Even then, at the callow age where, had I not readily volunteered for the task, my presence in the kitchen might have been construed as child labour; I could see that vegetarians were getting (pardon the pun) a raw deal.

In those days, before health & hygiene outlawed its use, there was a never-ending stockpot simmering on the stove. All manner of meat waste and veg shavings went in and this formed the base of all soups. Thus a large tin of powdered soup (always asparagus, always years old) was kept at the back of the store cupboard for veggie diners. Boiled eggs, readily to hand for the then inexplicably popular egg curry, could be topped with mayonnaise - hand whisked mayo (pinch of cayenne pepper, blob of English mustard) not the pallid Hellman's we have become accustomed to - or, a touch of the exotic; half avocado on a mountain of taste-free iceberg lettuce, with a ladle of vinaigrette dressing in the de-stoned hole. Starters covered then...

“And to follow?" The waiter would ask, needlessly, for the answer was always the same. The second chef's face would take on the expression of someone who has just been asked to open the new wing of a crematorium; “We can offer a cheese salad." (Think salad niçoise with the tuna replaced by grated orange cheddar.) “Oh, and the ham and mushroom omelette, without the ham." The waiter would nod, click his heels, and walk away as if he had been given the ambrosia of the gods to offer his diners.

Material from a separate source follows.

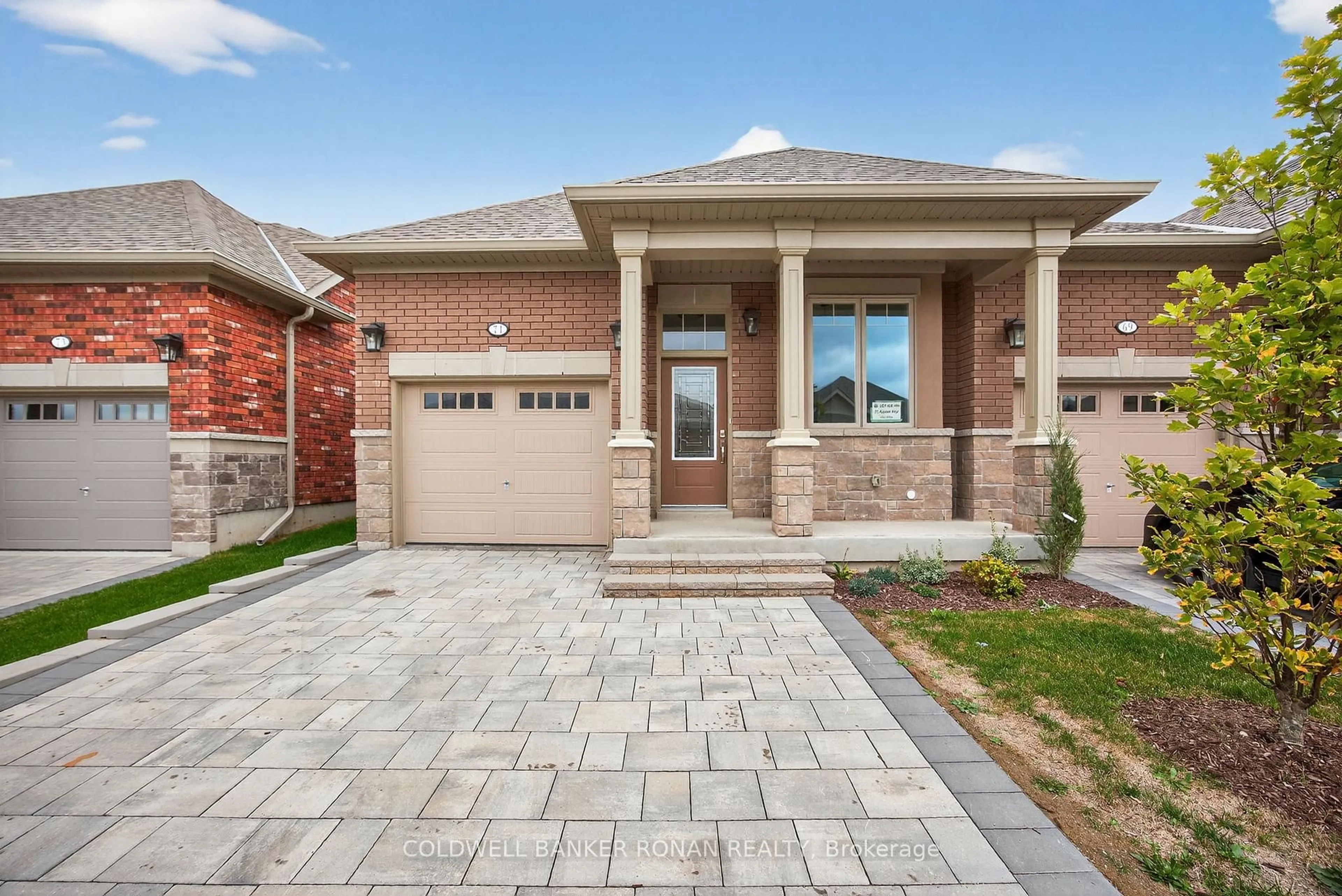 Home with brick exterior material, street for 71 Appian Way, New Tecumseth Ontario L9R 0W4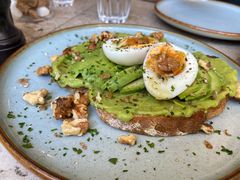 牛油果煮蛋吐司-RAC BAR(安福路店)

We should not, however, pat ourselves on the back too much about the steps taken since. We have the ground breaking Terre a Terre in Brighton and most Michelin chefs offer a considered vegetarian tasting menu, but the average - indeed above average - chef (still wilfully stubborn about vegetarians) would, after a cursory glance at the menu, offer; “Give them the goat's cheese without the black pudding and then the herb risotto from the halibut dish."